Die Grintovec-Gruppe, deren namensgebender höchster Gipfel am obigen Foto in der rechten Bildhälfte zu sehen ist, verließen wir Richtung Norden, um in Zgornje Jezersko um ein Quartier vorstellig zu werden.

Was sich als hervorragende Idee herausstellte. Denn im Norden der kleinen Ortschaft bot uns Tanja, die sich uns als die “Hexe von Jezersko” vorstellte, eine Bleibe für die Nacht an. Der Hausverstand sagt natürlich “lass deine Finger von Hexenhäuschen! Denn genau diese Finger werden dann täglich geprüft, ob bereits genug Speck am Knochen ist.”

Allerdings passte Tanjas Auftreten überhaupt nicht in das Bild, welches man gemeinhin von einer Hexe hat: Kein Buckel, in der Gestalt eher groß und drahtig, kurzes Haar. Wie man ihr auch insgesamt die 16 Jahre, die sie vor ihrem Einstieg in die Jezerskoer Gastronomieszene beim Slowenischen Militär verbrachte, gerne sofort glaubt. Sie duldete auch keinen Widerspruch, als sie uns ihren Zaubertrank – ein Likör aus 102 verschiedenen regionalen Blumen und Kräutern – zum Verkosten gab.
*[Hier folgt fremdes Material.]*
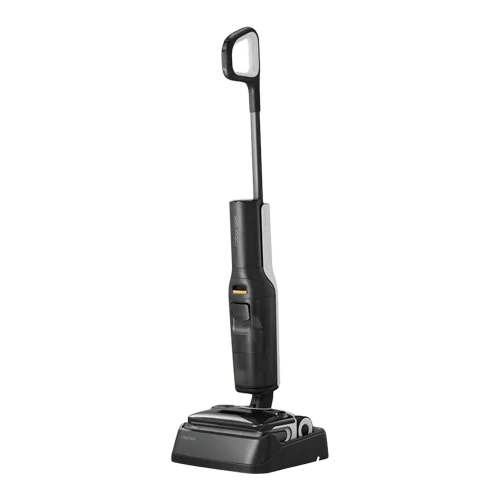 Roborock F25 ACE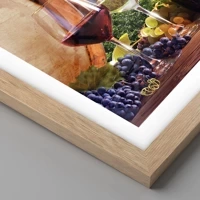 Rovere chiaro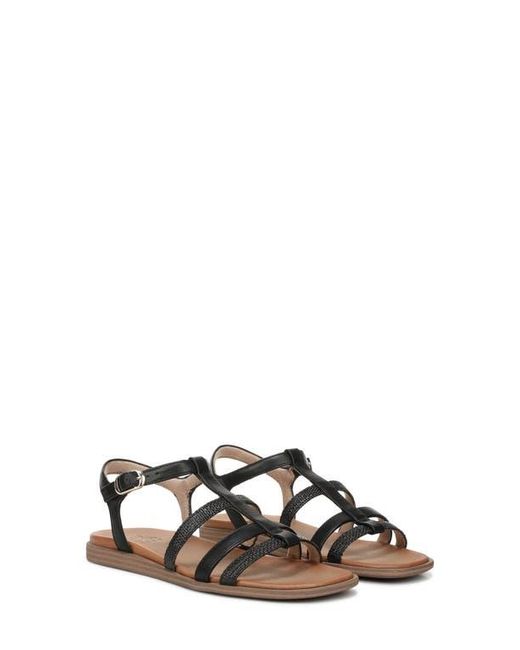 Naturalizer Multicolor Julia Sandal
Kurz gesagt, wir haben uns den Abend über sehr gut unterhalten und bekamen sogar eine Hausbesichtigung. Am angeschlossenen Freizeitgelände entstehen neben dem bereits vorhandenen Campingplatz gerade mehrere winzig kleine “cabins” in der Größe eines Doppelbettes. Und bei unserem nächsten Besuch werden wir bereits im neuen Baumhaus übernachten können.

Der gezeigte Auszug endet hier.